Exact reproduction of all the data is needed.

- - - -

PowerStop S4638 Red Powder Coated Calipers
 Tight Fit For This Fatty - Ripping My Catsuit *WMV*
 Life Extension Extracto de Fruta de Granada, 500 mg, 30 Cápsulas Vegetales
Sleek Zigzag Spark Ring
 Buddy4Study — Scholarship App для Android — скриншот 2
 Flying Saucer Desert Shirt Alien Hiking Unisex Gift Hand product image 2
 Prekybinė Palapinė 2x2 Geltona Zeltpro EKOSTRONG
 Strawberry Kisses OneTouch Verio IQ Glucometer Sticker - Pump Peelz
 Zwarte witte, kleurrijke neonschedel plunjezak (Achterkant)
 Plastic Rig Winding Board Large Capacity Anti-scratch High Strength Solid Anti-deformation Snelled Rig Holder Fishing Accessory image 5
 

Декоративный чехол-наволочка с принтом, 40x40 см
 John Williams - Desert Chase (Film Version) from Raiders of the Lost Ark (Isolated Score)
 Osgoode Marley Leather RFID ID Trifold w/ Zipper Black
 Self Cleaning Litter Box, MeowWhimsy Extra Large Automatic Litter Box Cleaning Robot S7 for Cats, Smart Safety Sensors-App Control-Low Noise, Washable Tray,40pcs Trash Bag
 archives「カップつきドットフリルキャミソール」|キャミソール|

- - - -

■ Output of the exercise ■
PowerStop S4638 Red Powder Coated Calipers
 Tight Fit For This Fatty - Ripping My Catsuit *WMV*
 Life Extension Extracto de Fruta de Granada, 500 mg, 30 Cápsulas Vegetales
Sleek Zigzag Spark Ring
 Buddy4Study — Scholarship App для Android — скриншот 2
 Flying Saucer Desert Shirt Alien Hiking Unisex Gift Hand product image 2
 Prekybinė Palapinė 2x2 Geltona Zeltpro EKOSTRONG
 Strawberry Kisses OneTouch Verio IQ Glucometer Sticker - Pump Peelz
 Zwarte witte, kleurrijke neonschedel plunjezak (Achterkant)
 Plastic Rig Winding Board Large Capacity Anti-scratch High Strength Solid Anti-deformation Snelled Rig Holder Fishing Accessory image 5
 

Декоративный чехол-наволочка с принтом, 40x40 см
 John Williams - Desert Chase (Film Version) from Raiders of the Lost Ark (Isolated Score)
 Osgoode Marley Leather RFID ID Trifold w/ Zipper Black
 Self Cleaning Litter Box, MeowWhimsy Extra Large Automatic Litter Box Cleaning Robot S7 for Cats, Smart Safety Sensors-App Control-Low Noise, Washable Tray,40pcs Trash Bag
 archives「カップつきドットフリルキャミソール」|キャミソール|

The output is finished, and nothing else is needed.